Sportsnet's coverage premiered on October 8, 2014, with an opening night doubleheader of Scotiabank Wednesday Night Hockey, featuring the Montreal Canadiens at the Toronto Maple Leafs, followed by the Calgary Flames and the Vancouver Canucks. The inaugural game was the most-watched program of the night in Canada, and the most-watched telecast in Sportsnet's history, with 2.01 million viewers (beating the previous record of 1.44 million set by the Toronto Blue Jays' home opener in 2013, but since surpassed by multiple games of the 2015 American League Division Series involving the Blue Jays, which topped out at 4.38 million viewers for game 4). However, viewership was down from 2013's opening night game, which was televised by CBC.

===2015===
In the lead-up to the 2014–15 season, Rogers began to promote its networks as the new home of the NHL through a multi-platform advertising campaign; the campaign featured advertising and cross-promotions across Rogers' properties, such as The Shopping Channel, which began to feature presentations of NHL merchandise, and its parenting magazine Today's Parent, which began to feature hockey-themed stories in its issues. On May 28, 2014, Rogers announced a six-year sponsorship deal with Scotiabank, which saw the bank become the title sponsor for Wednesday Night Hockey and Hockey Day in Canada, and become a sponsor for other segments and initiatives throughout Rogers' NHL coverage.

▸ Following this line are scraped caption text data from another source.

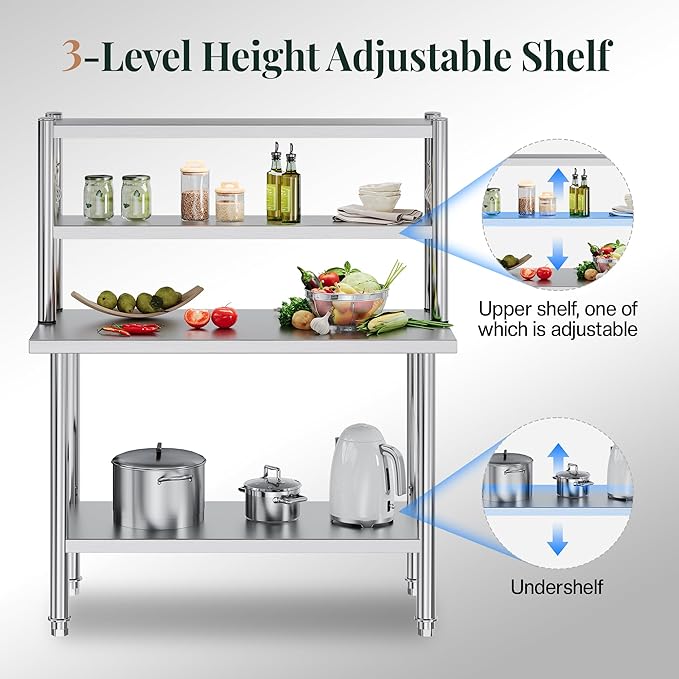 48"x24" NSF Stainless Steel Work Table with Overshelves, Adjustable Shelf & Hooks, NSF-Certified Heavy-Duty Prep Station for Commercial Kitchen, Restaurant, or Garage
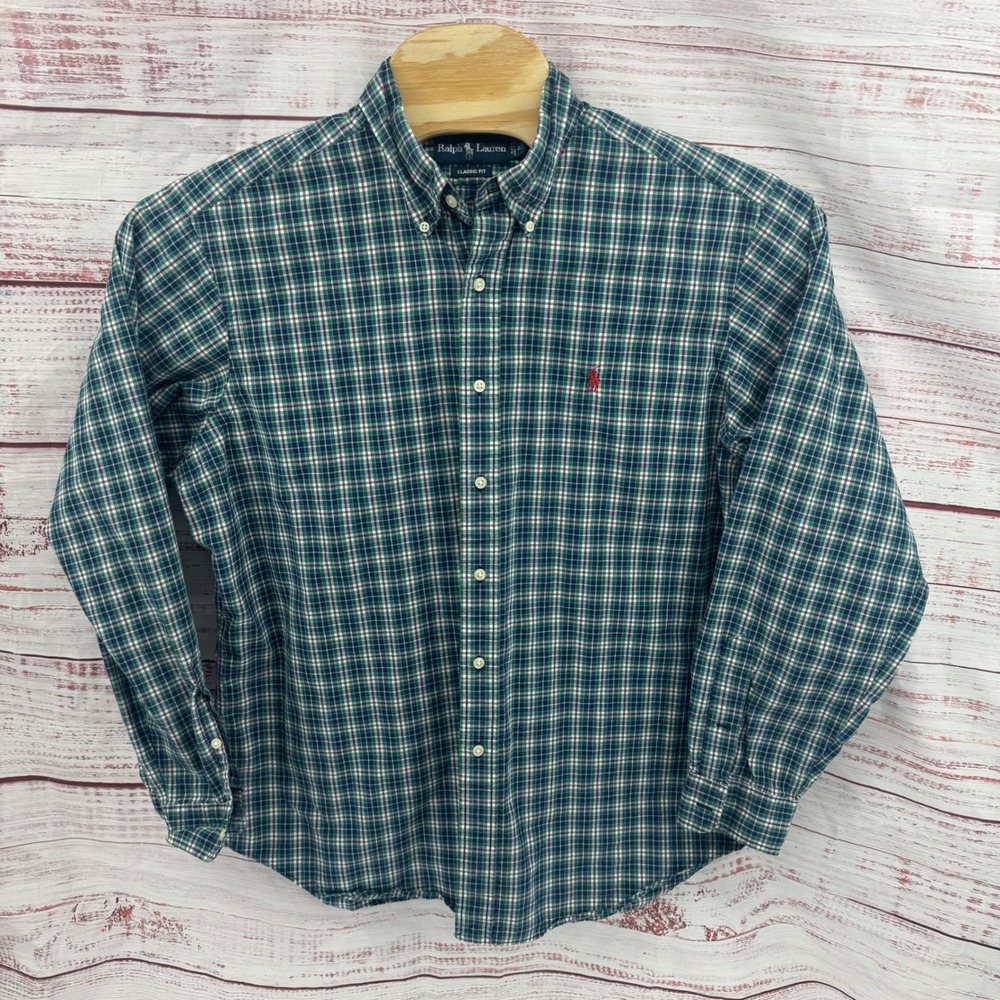 Ralph Lauren Shirt Mens XL Classic Fit Plaid Long Sleeve Button Down Casual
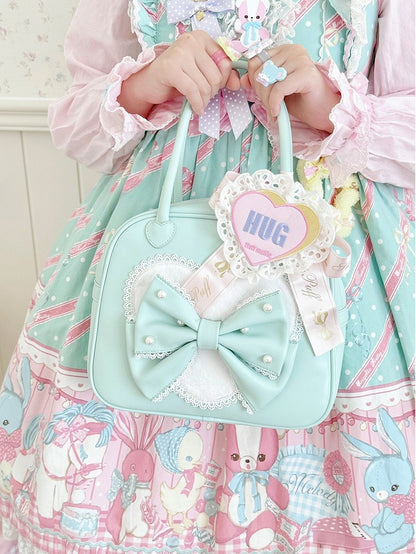 Perlen Sweet Heart Bag Lolita Grün Verziert Hand Bowknot Plüsch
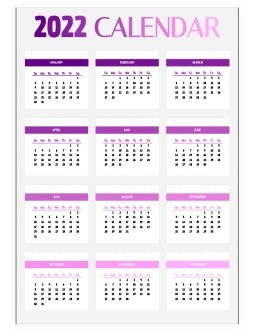 Modelli di calendario gratuito annuale in Google Docs, Google Sheets
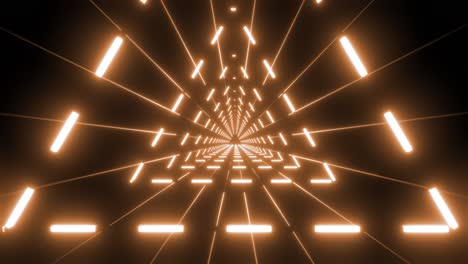 Fondo-De-Animación-De-Bucle-Vj-De-Luz-Láser-Naranja-De-Túnel-Triangular-4k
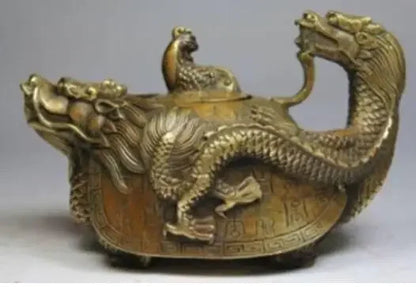 Decorated Old Bronze Chinese Old Copper Handwork Dragon Tea Pot Antique Crafts Copper Sculpture Home 15CM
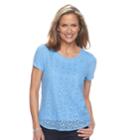 Petite Croft & Barrow&reg; Lace Front Tee, Women's, Size: Xs Petite, Light Blue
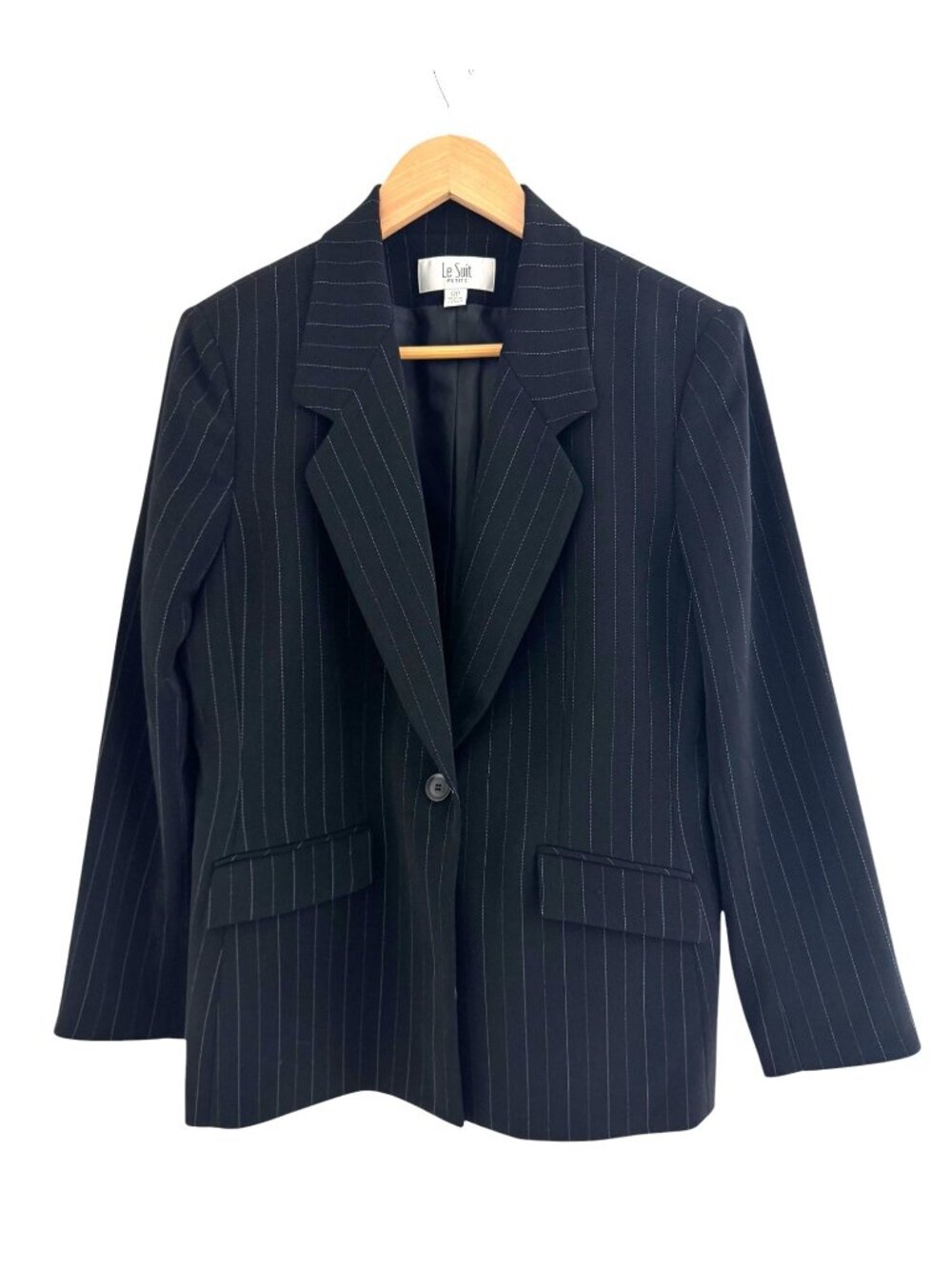 Le Suit Petite Black Pinstriped Blazer Lined Pockets Size 12P Jacket Business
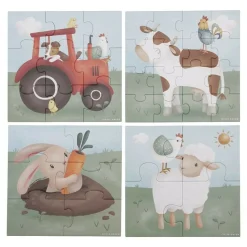 Palapeli 4 in1 Little Farm puinen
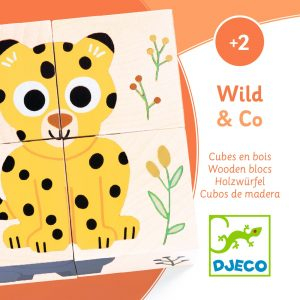 Cuburi din lemn Djeco, animale salbatice [4]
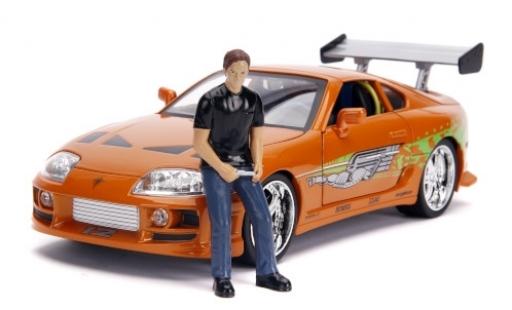Miniature Toyota Supra 1/18 Jada Toys metallise orange/Dekor Fast & Furious 1995 avec figurine et Scheinwerferfunktion Toyota Supra 1/18 Jada Toys metallise orange/Dekor Fast & Furious 1995 avec figurine et Scheinwerferfunktion miniature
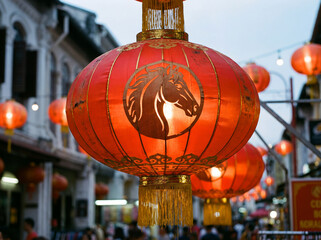 Red Chinese Paper Lanterns with Horse Silhouette Hanging for Lunar New Year Festival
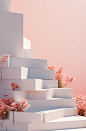 a white stair set, and some pink flowers, in the style of geometric minimalist sculptures, minimalist backgrounds, terracotta, michal karcz, light-filled, nature-inspired, 3d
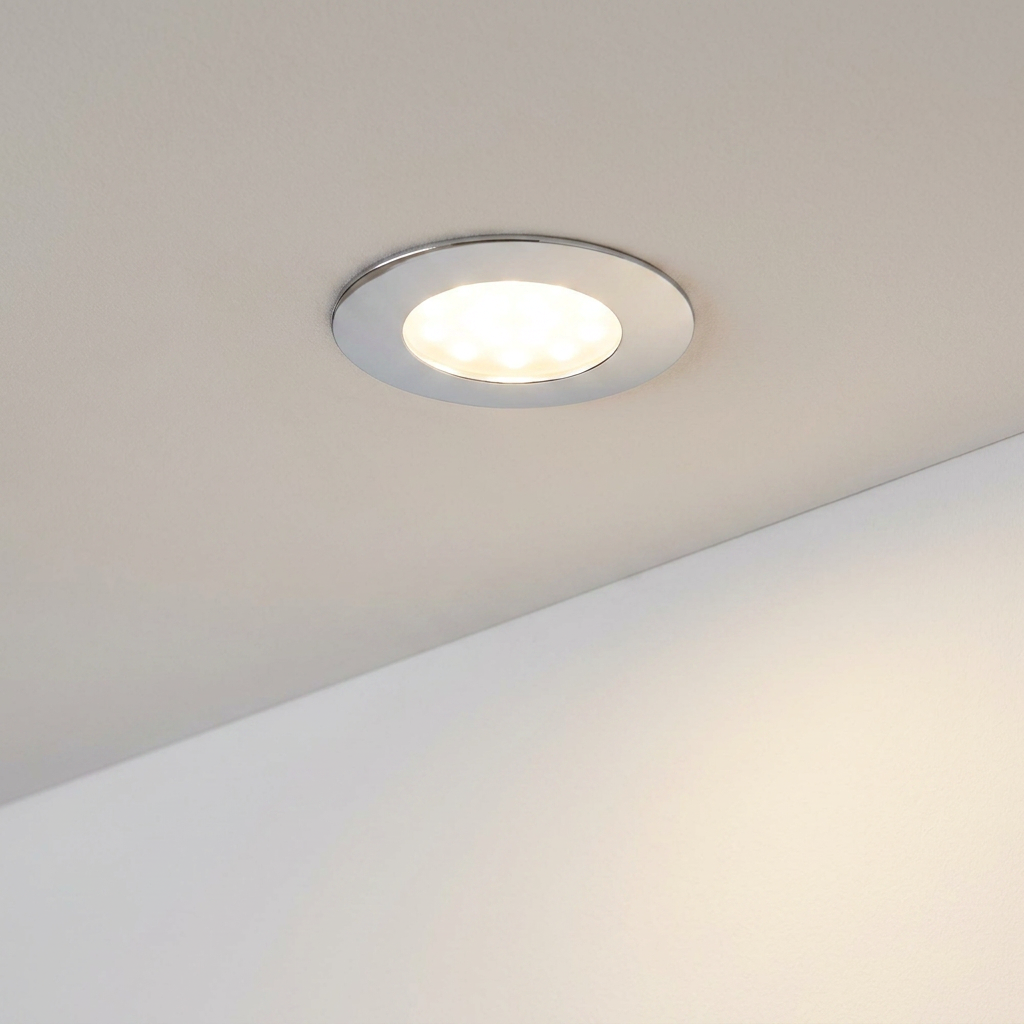 Eglo Pineda LED Chrome Recessed Downlight - 10.2cm by Eglo Lighting — suits kitchens, living rooms & bedrooms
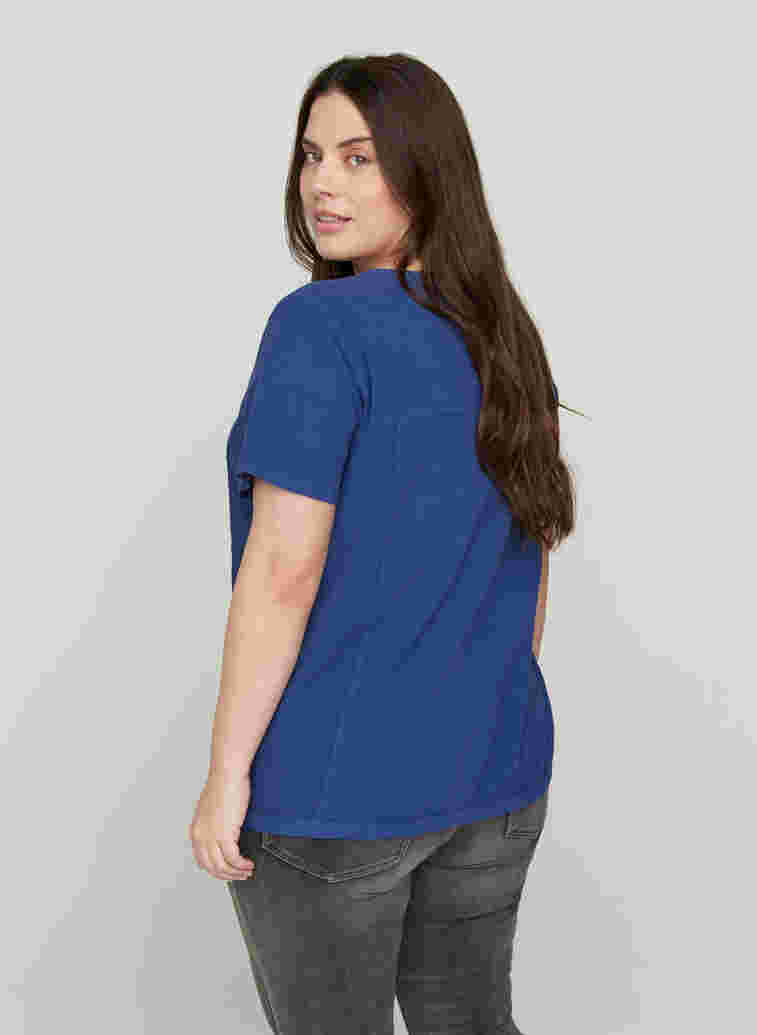 Kurzarm Bluse aus Baumwolle mit V-Ausschnitt, Twilight Blue, Model image number 1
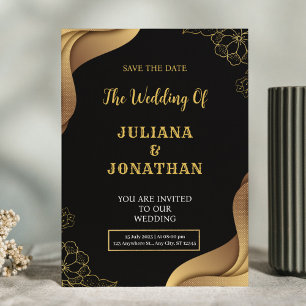 Modern Black Gold Floral Elegant Wedding Invitation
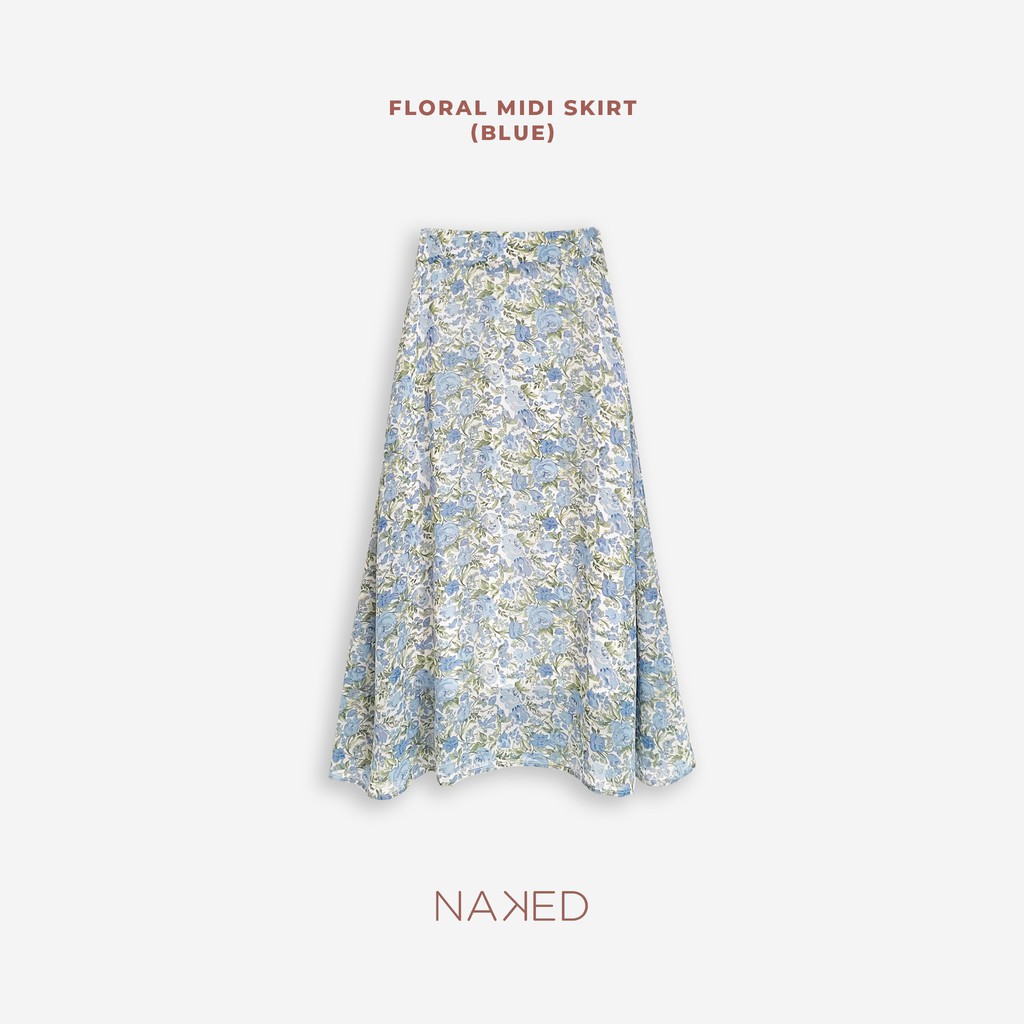 Naked By V - Chân váy hoa dài Floral Midi Skirt (Xanh)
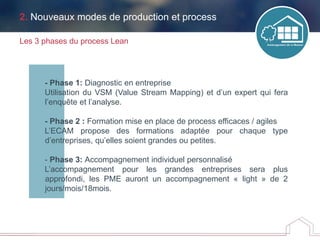 - Phase 1: Diagnostic en entreprise
Utilisation du VSM (Value Stream Mapping) et d’un expert qui fera
l’enquête et l’analyse.
- Phase 2 : Formation mise en place de process efficaces / agiles
L’ECAM propose des formations adaptée pour chaque type
d’entreprises, qu’elles soient grandes ou petites.
- Phase 3: Accompagnement individuel personnalisé
L’accompagnement pour les grandes entreprises sera plus
approfondi, les PME auront un accompagnement « light » de 2
jours/mois/18mois.
2. Nouveaux modes de production et process
Les 3 phases du process Lean
 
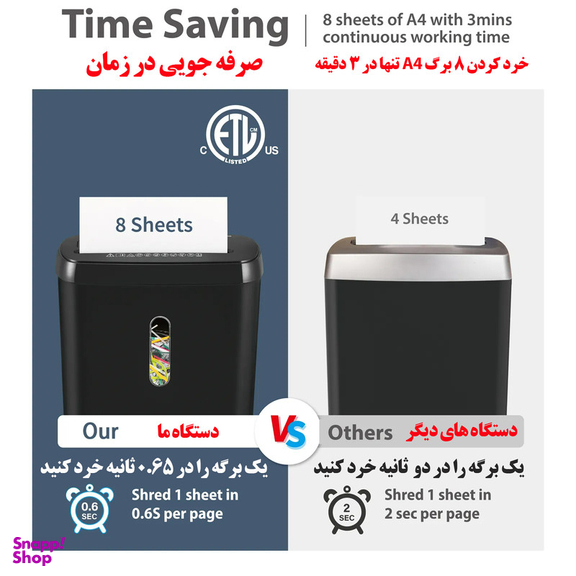 کاغذ خردکن مدل SD108P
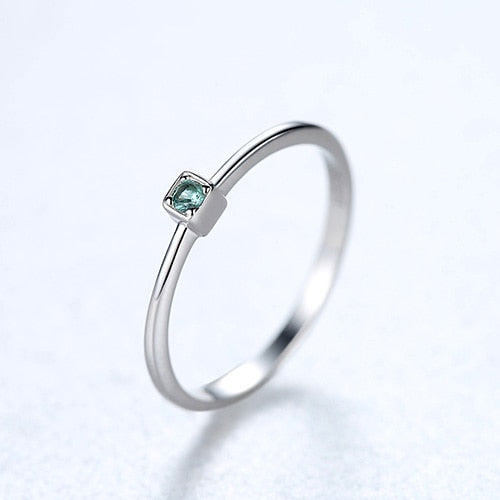 Genuine Topaz Engagement Rings with 925 Sterling Silver for Women Stylish Thin Circle Design Gemstone Ring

Beginning in the 2014–15 season, owing to Bell Canada's ownership stake in the Leafs' owner, Maple Leaf Sports & Entertainment and the loss of TSN's national cable rights, TSN began to air 26 regional games per season, split with Sportsnet Ontario, and aired by TSN4.

Also beginning in the 2014–15 season, TSN Hockey personalities Bob McKenzie, Darren Dreger and Chris Cuthbert joined the NHL on NBC team. This was the result of Rogers Media's – the owners of Sportsnet – exclusive 12-year deal with the NHL in Canada replacing both TSN and CBC Sports as the rightsholders to the NHL.

From 2014 to 2016, George Stroumboulopoulos served as the studio host for Hockey Night in Canada. Jeff Marek hosts Wednesday Night Hockey, while Caroline Cameron hosts Thursday night games along with Hockey Central Saturday. As of the 2018–19 season, Ron MacLean was reinstated as Hockey Night host; he continued to host the traditional Coach's Corner segment with Don Cherry until November 2019. MacLean also serves as the on-location host for Hometown Hockey, accompanied by Citytv Calgary's Breakfast Television host Tara Slone. MacLean, Cherry, and Oake were still under contract with the CBC, with Cherry under contract through 2018, and MacLean through at least 2016 for the 2016 Summer Olympics.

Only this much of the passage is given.